Feature Story

A designer is a designer is a designer

construction tidiness
layer cake
expensive reflection
egoland brick rain
Kill your TV!
heaven's in the backseat of my theater

1. What kind of designer are you?

I've studied industrial design, but today I'm doing communication design, webdesign, stage design and photography. I work as a freelancer.

2. What did you want to do for a living when you were a kid?

Pilot, train driver, priest, adventurer, designer. In order of appearance.

3. What is it about your design work that makes your photography better? And vice versa? Where do you see parallels between the two?

Both are very much about perception: how do we see things, how do we feel, hear, taste and smell? And how do we transform these experiences into good design or photography? I've started with photography pretty late, two years ago. So all my previous design work has heavy influence on how I take photos. A major part of my photography stuff is about reducing complexity and digging out the essentials. To find and shape appropriate channels to communicate in effective, self-evident, and valuable ways. That's almost design work. The other way round is more complicated. Taking photos teaches me to take breaks, stand still, review and look closer again and again. This affects my design work in a more philosophical way. Beside that, I rarely use stock photography as I now shoot what I need.

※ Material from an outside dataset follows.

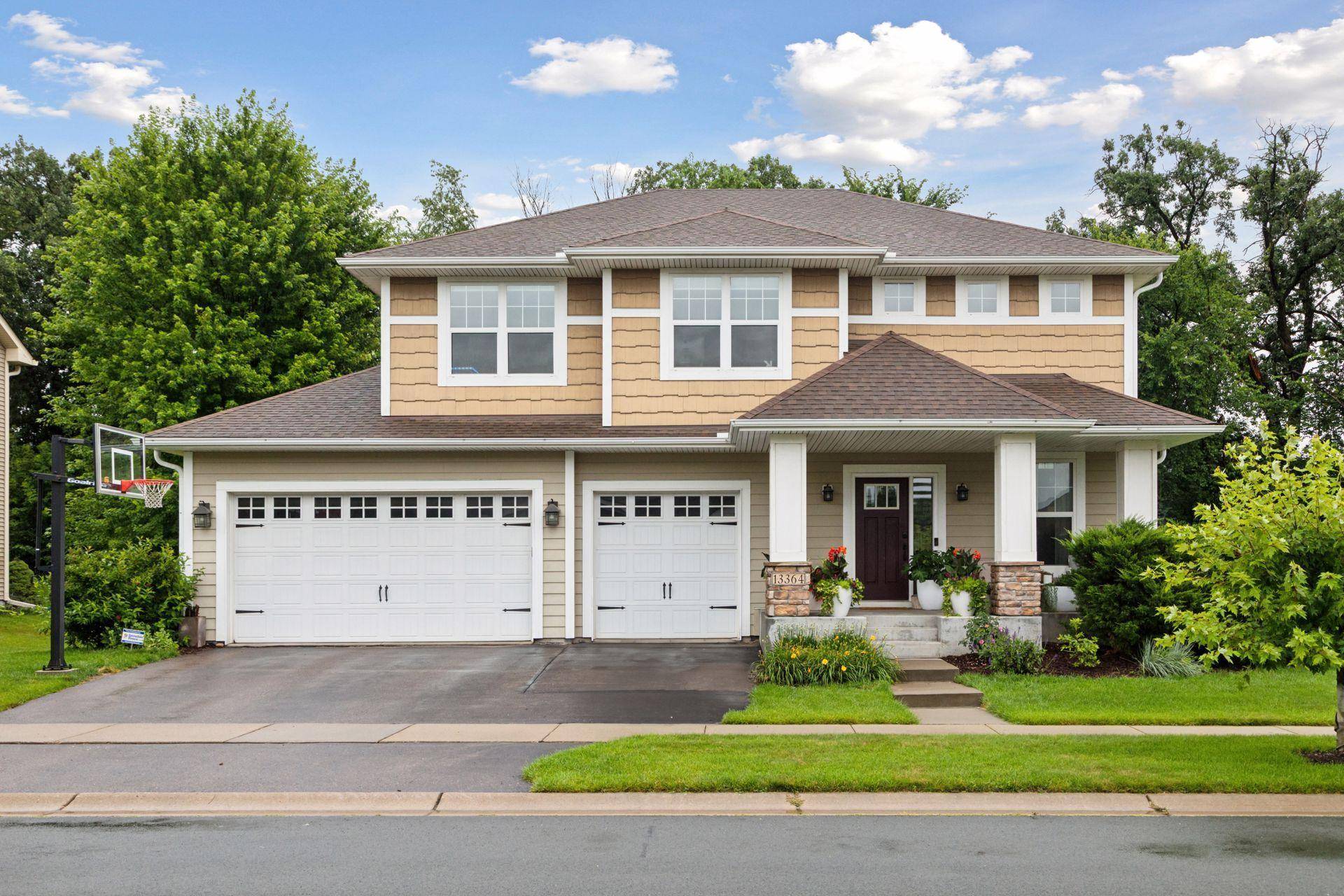 13364 Carlingford LN, Rosemount, MN 55068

4. What do you find most challenging about your work?

The most challenging and at the same time the most pleasing aspect is the unlimited impressions and experiences I can have because of this work. A new project usually means new learning, gathering new knowledge and eventually making new friends.

5. Do you have design heroes? Photography heroes?

There are so many. To name a few: Otl Aicher, Charles and Ray Eames, Jan Tschichold, Buckminster Fuller, Archigram, Thomas Demand, Man Ray...etc. pp

6. Name some unexpected sources of inspiration you've had.

I really have a soft spot for musical influence, e.g. Boards of Canada, Gyoergy Ligeti, Throbbing Gristle or Johnny Cash. I often have my earphones with me when I'm on photowalking. And the poems of Rainer-Maria Rilke and Erich Fried are in my mind when I take portrait shootings, as they often reflect my view on people, especially when I know them very good.

7. Do you have any regular habits/exercises that make you a better designer? Photographer?

Once a week I do some drawing exercises to prevent becoming a mouse-hand-dork and I also try to copycat photographers I like and admire on a regular basis. Furthermore I'm member of a designer regular's table, which brings up a lot of different views and discussions.